Batman: Dr Fenton "Woody" Cotterill is the co-author of Bats of Southern and Central Africa: A biogeographic and taxonomic synthesis.
Nearly 500 pages lie between the covers of an exhaustive study of African bats, recently published by the Wits University Press and co-authored by UCT's Dr Fenton "Woody" Cotterill.
Cotterill is the Eranda Research Fellow at the Africa Earth Observatory Network and a researcher at UCT's Department of Geological Sciences and Department of Molecular and Cell Biology.
"This is a UCT product," says Cotterill. "Over five years of my work on the book has been from here."
Cotterill co-authored Bats of Southern and Central Africa: A biogeographic and taxonomic synthesis with Associate Professor Ara Monadjem of the University of Swaziland, Associate Professor Peter Taylor of the University of Venda and Corrie Schoeman of the University of KwaZulu-Natal.
It's a full-colour book, packed with information, including topics such as evolution, ecology and echolocation, and it accounts for the 116 known bat species in southern and central Africa.
Each species study provides descriptions, measurements and diagnostic characters, as well as information on distribution, habitat, roosting habits, foraging ecology, and reproduction.

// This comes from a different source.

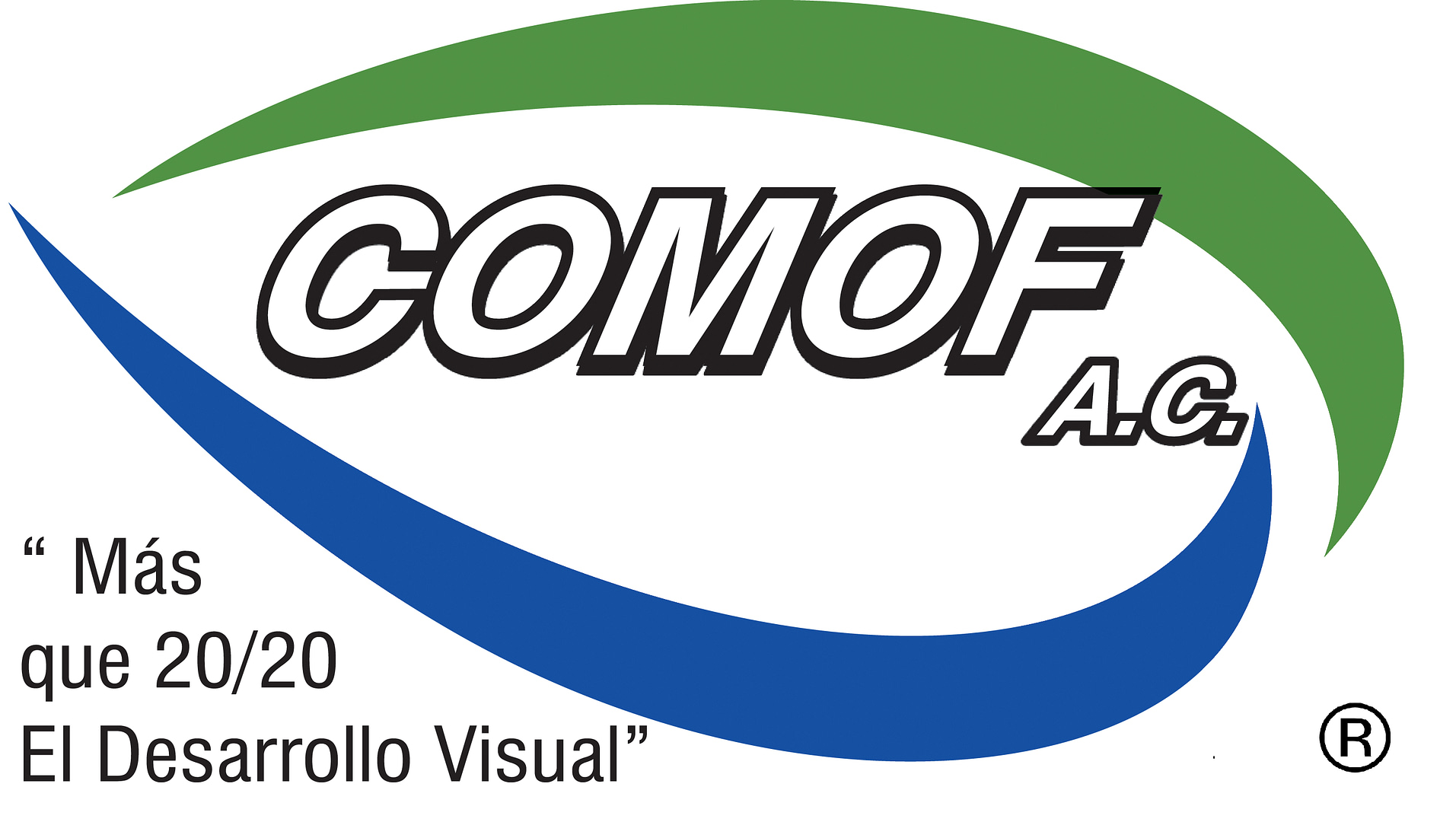 Logo consejo Mexicano optometría funcional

Photographs of the bats, including their skulls and dentition, and spectrograms - accurate time-expanded echolocation - illustrate each account.
"Bats of Southern and Central Africa contains an extraordinary wealth of information" says field biologist Steven Goodman of the Field Museum of Natural History in the US.
"It is a synthesis of over a century of research, and the authors, some of the foremost scientists in the study of African bats, have done an exceptional job in making this information available to natural historians, bat enthusiasts, and scientists alike. The text reflects their intimate knowledge of these animals in the field and their detailed studies of specimens in museums around the world."